IL FAUT CULTIVER SON JARDIN

 

     J'ai retrouvé mon jardin, contraint et forcé par ces longs jours de confinement. Je me suis même surpris à le redécouvrir, persuadé d'en connaître tous les recoins car il n'est pas bien grand. Je m'y suis ainsi retrouvé… avec moi-même, mes pensées, mes rêves de toujours, que j'y avais depuis longtemps greffés, bouturés, sarclés, engraissés, arrosés d'un esprit de perfectionniste indécrottable, d'un souci perpétuel de renouveau, à la recherche insatiable d'une inspiration, d'une idée nouvelle, du mûrissement d'un désir, le dégageant sans cesse les pierres remontantes.

 

     Je croyais le connaître, ce jardin dicéphale : jardin d'été ouvert au soleil et à la lune ; jardin d'hiver aussi, tous deux à l'image de mon humeur tantôt stricte, grave et sérieuse, tantôt vagabonde, légère, passionnée, imprévisible, un tantinet foutraque.

    

     L'un au Midi, donc, quotidien, convenable, présentable, traditionnel et rassurant, pour le visiteur anonyme avec sa pelouse Leroy-Merlinée à souhait, équarrie, brossée, peignée, tondue (elle en a de la chance !) à l'image de ma coupe en brosse du temps de mes équarrissages premiers où "coiffure" et  "chaussures" semblaient rimailler de sagesse et de force pour ériger mon éducation.

 

     L'autre, au Septentrion. La face cachée. Celui des secrets et des lichens sur le toit, de mes folies douces et amères aux herbes folles volontairement indomptées.
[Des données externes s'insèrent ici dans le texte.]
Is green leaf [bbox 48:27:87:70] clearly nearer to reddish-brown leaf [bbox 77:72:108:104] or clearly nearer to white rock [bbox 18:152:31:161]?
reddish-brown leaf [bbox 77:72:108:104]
Creuset et résurgence de mes pensées vagabondes ouvertes aux seuls vents de mes petites turpitudes.

 

     Aussi, complice bienfaisant de ma solitude obligée et loin de me pousser à m'en évader, il m'a laissé m'y envahir comme le font les ronces, heureux d'arrêter mes pas et mon regard, de m'y laisser y redécouvrir un SENS. SON sens. Ce merveilleux sens des choses que l'on perçoit dans le silence  végétal de la vie et qui m'a si souvent accompagné sous la Voûte quand les autres jardins dormaient.

 

     Pour le profane, rien n'y est cultivé. A priori. Ces herbes que l'on dit mauvaises règnent en maîtres. Or, ce que j'y cultive est invisible. C'est l'imprévu, l'hors norme, l'hors du commun, le style, l'inconfort. Loin des convenances, des on-dit, du standard, des manières et du Super U. C'est la musicalité d'un mot, l'ivresse d'une phrase volée dans un livre, l'enchantement pour une séquence de film ou pour le bleu d'un vitrail, cette passion que j'ai rêvée, autant dire cultivée, dans ce théâtre d'ombres chimériques et onanistes bien que très souvent porte-jartelles…

 

     Il reste que pour l'Initié, le Comparse, l'Ami (e), le Voyageur, le Frère, mon jardin est celui des confidences, le pays des apartés, des échanges, du bien être d'un instant, dégusté sur la terrasse fleurie parfois de quelques bons mots ornés à l'occasion d'effluves contrepétriques. Il est aussi pour moi celui du Silence comme celui du Travail, de l'Art de l'Expression tournée obstinément vers l'Autre, toujours et encore mieux qu'hier.

 

     Aussi, loin de ne l'avoir cultivé que pour moi-même, mon jardin reste ouvert à qui veut le partager : aux amis, aux confidents, aux frères, au Voyageur, à l'Autre, aux abeilles, aux vents meilleurs… Car comme le dit Voltaire : " On n'est bon à rien de n'être bon qu'à soi". Aussi, j'y "descends" désormais non pour y cueillir le romarin - quand même une branche de laurier - mais pour un petit moment d'éternité, de survie, de beauté, le temps d'une pose, d'une re-visitation de mes anges intérieurs à peaufiner irrémédiablement celle que je garderai et protégerai jalousement : ma propre Pierre.